OTTAWA - Canada's corporations appear to be taking a wait-and-see approach to capital investments this year, a position that could dampen already modest expectations for economic growth in 2013.

The annual survey of private and public investment intentions by Statistics Canada indicates such spending will rise a mere 1.7 per cent to $398.2 billion this year — the slowest non-recession pace since 1995 and well down from 7.2 per cent last year.

Private sector spending intentions was even softer at 0.8 per cent, while government investment is expected to rise by five per cent, about the average over the last two decades.

With consumers tapped out, governments restraining overall spending and the housing market cooling, the Bank of Canada has pinned its projection for two per cent growth this year on both a rebound in exports and on business investment.

But the turnaround for exporters has yet to materialize and the Statistics Canada survey suggests that business is generally unwilling to bet on expansion in the current global economic climate.

"Canadian businesses have taken a cautious turn amid an uncertain outlook and weaker commodity prices," said Benjamin Reitzes, an economist with BMO Capital Markets.
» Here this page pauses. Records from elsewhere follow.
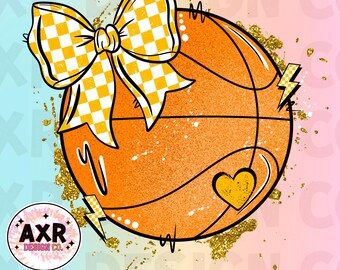 Basketball coquette bow png, cute hand drawn yellow basketball sublimation design, basketball game day, custom basketball team colors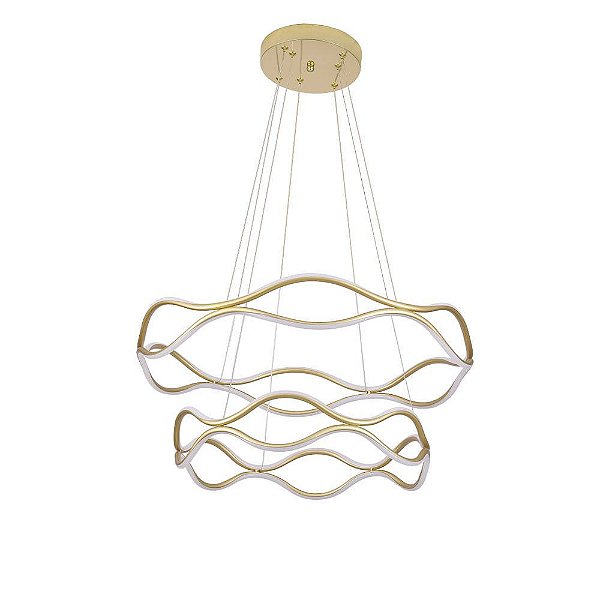 Pendente LED Tamis 48/63cm 115W Branco Quente 3000K Bronze - Nordecor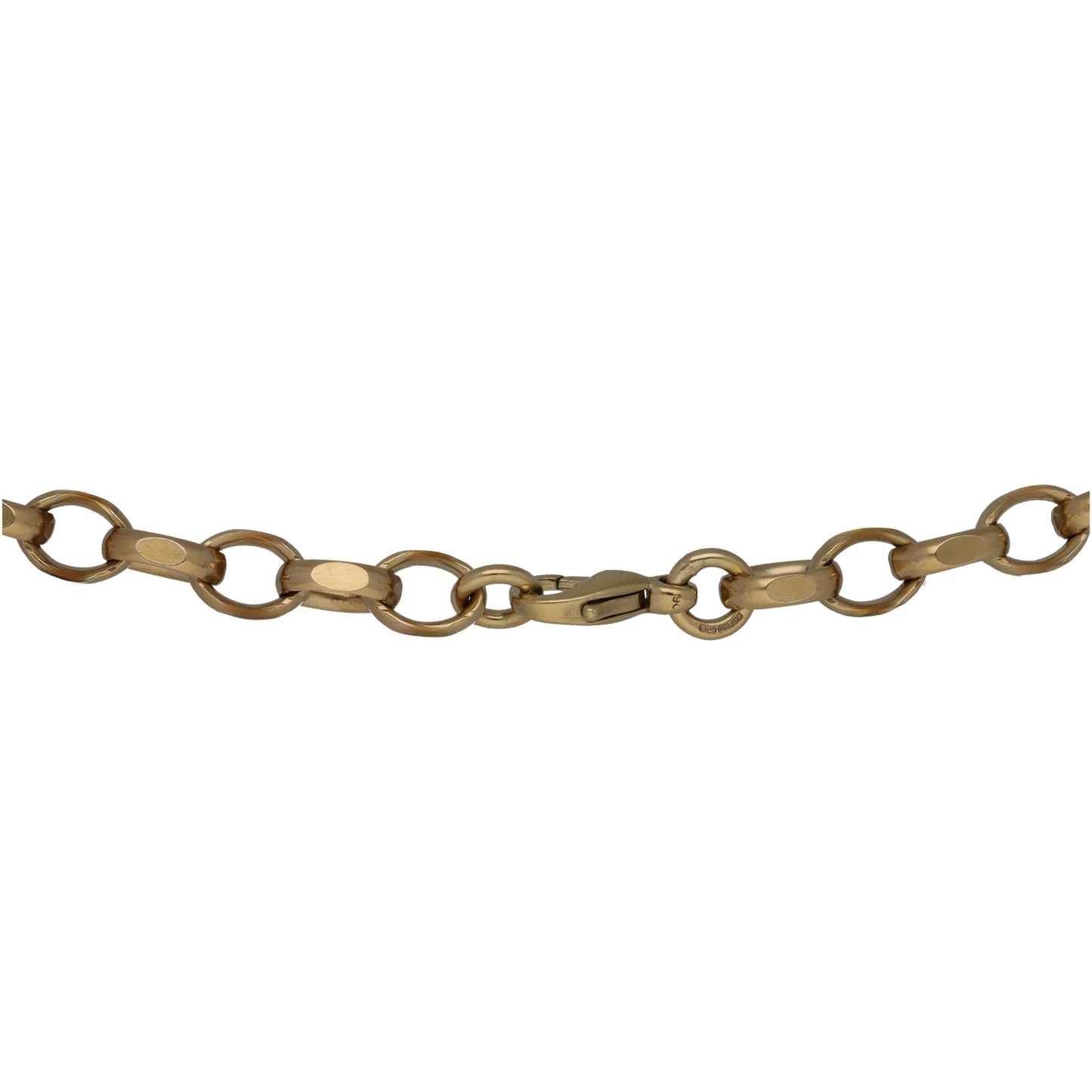 Gold-tone curb-link chain, clasp visible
"The softness in private sector capital spending intentions doesn’t bode well for 2013 growth, especially given hopes the sector would be a key contributor. Surprisingly firm government (capital) spending plans will provide some cushion, but growth drivers are in conspicuously short supply for 2013."

Jimmy Jean of Desjardins Capital Markets says one encouraging signal in the report was that intended purchases of machinery and equipment remain positive, with manufacturers planning to hike spending by 10.4 per cent. This should help boost productivity, a perennial weak spot in Canada's economic performance.

But overall, Jean agreed the report does little to instill confidence that Canada's economy will come roaring back in 2013 after likely recording the first sub two per cent growth rate since the recession last year.

The economic consensus currently projects growth in Canada to average 1.8 per cent in 2013 — most of that coming in the second half — but some, such as Capital Economics, believe the number will be as low as one per cent.

In an analysis, David Madani of Capital Economics said the near-term economic outlook is so weak the Bank of Canada will need to consider interest rate cuts.

"Given the tepid global backdrop for exports and the potentially severe housing market correction, we think that financial markets are still underpricing the real possibility that interest rates could fall later this year or early next year," he wrote.

Overall, the agency survey found a broad-based hesitancy to invest this year, with nine of 21 sectors saying they would likely spend less than in 2012.

Education is expecting the biggest decline at 7.7 per cent, but in terms of impact on the economy, the most negative finding was the 2.7 per cent drop in intentions in the mining and oil and gas industries.

On the positive side of the ledger, transportation and warehousing, retail and the finance and insurance sectors all said they expected to hike spending.

Housing, another key sector in terms of its contribution to growth, came in just above zero at 0.2 per cent.